WHAT THE TASK ASKS —
From top to bottom, write out the listing exactly and skip every picture.
***
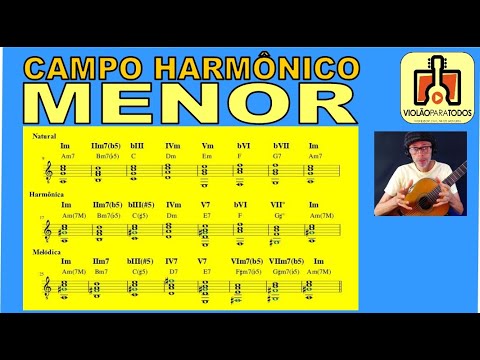 Campo Harmônico Menor Violão Para Todos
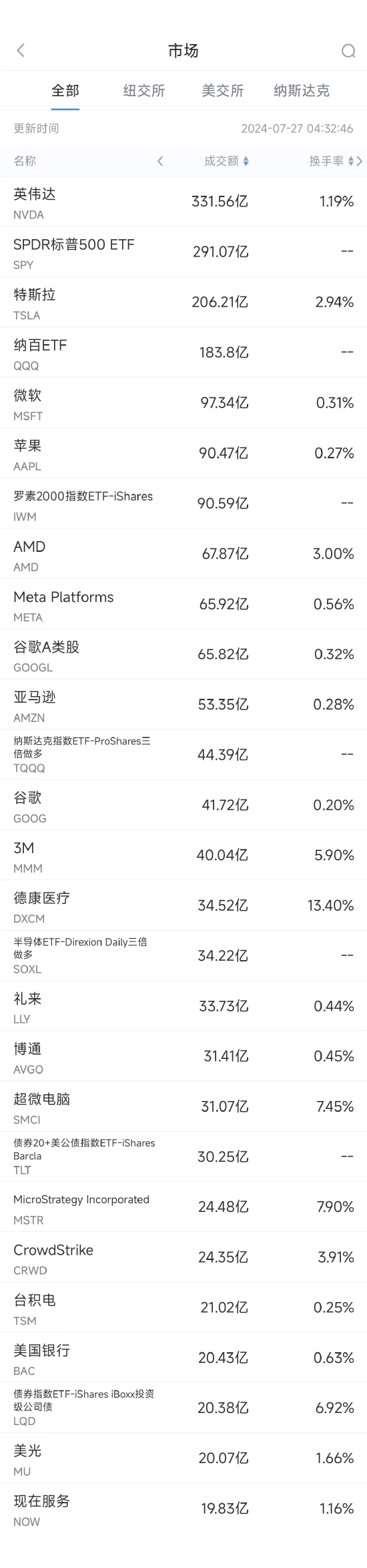 7月26日美股成交额前20：3M录得半个世纪来最大单日涨幅  第1张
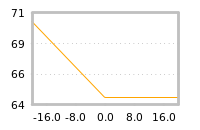 Impact of return on liquidity tomorrow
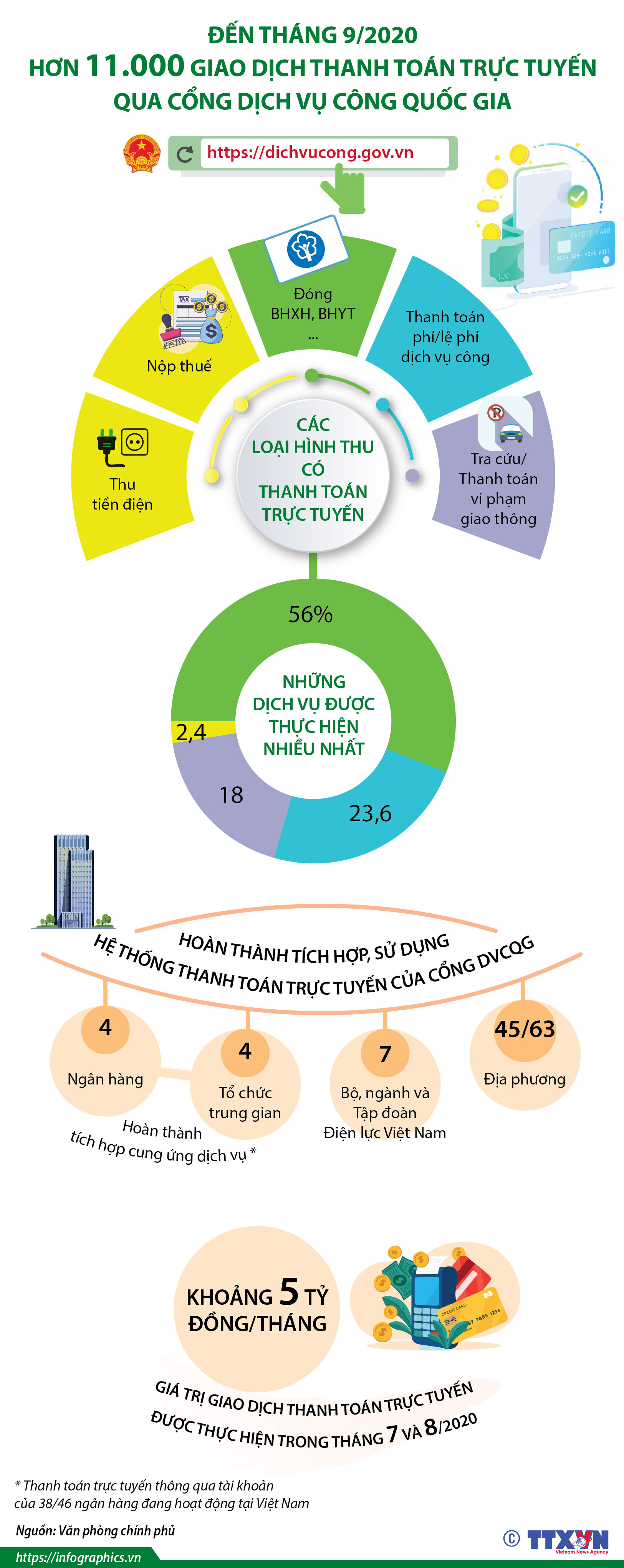 Đến tháng 9/2020: Hơn 11.000 giao dịch thanh toán trực tuyến qua Cổng Dịch vụ công quốc gia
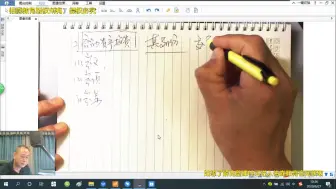 下载视频: 2020年佑森教育左红军教授授课造价案例第1大题《财务分析备考指导》2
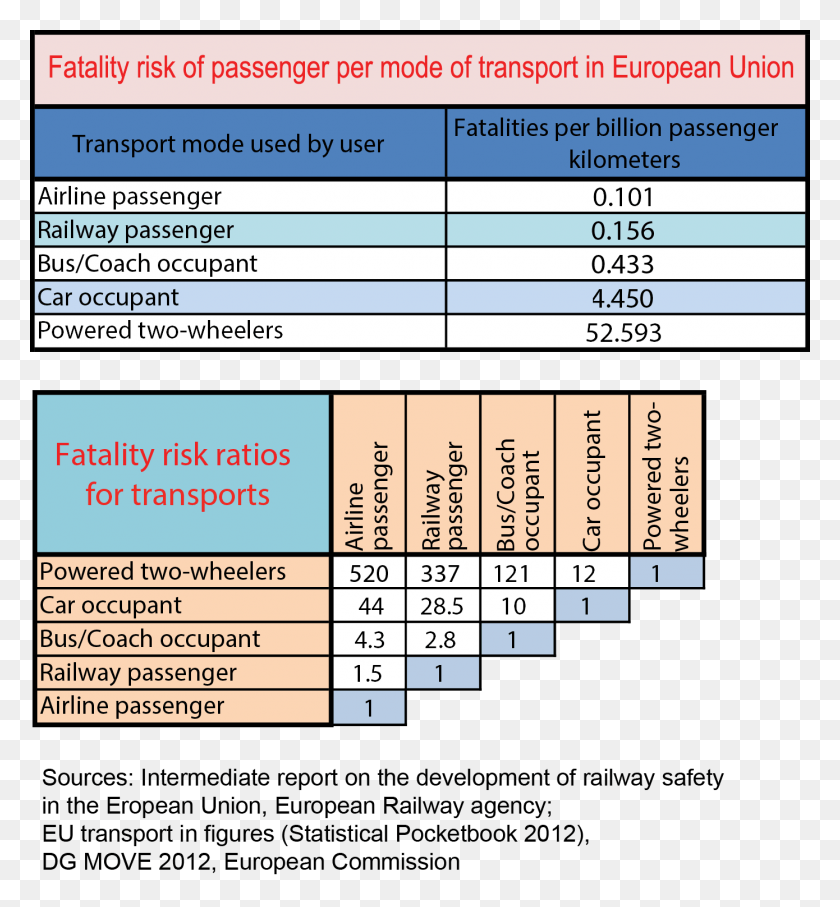 1390x1510 Railway Safety Safe Man Hours Report, Word, Text, Number HD PNG Download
***
EXERCISE OUTPUT —
 Campo Harmônico Menor Violão Para Todos
 7月26日美股成交额前20：3M录得半个世纪来最大单日涨幅  第1张
 Impact of return on liquidity tomorrow
 Đến tháng 9/2020: Hơn 11.000 giao dịch thanh toán trực tuyến qua Cổng Dịch vụ công quốc gia
 下载视频: 2020年佑森教育左红军教授授课造价案例第1大题《财务分析备考指导》2
 1390x1510 Railway Safety Safe Man Hours Report, Word, Text, Number HD PNG Download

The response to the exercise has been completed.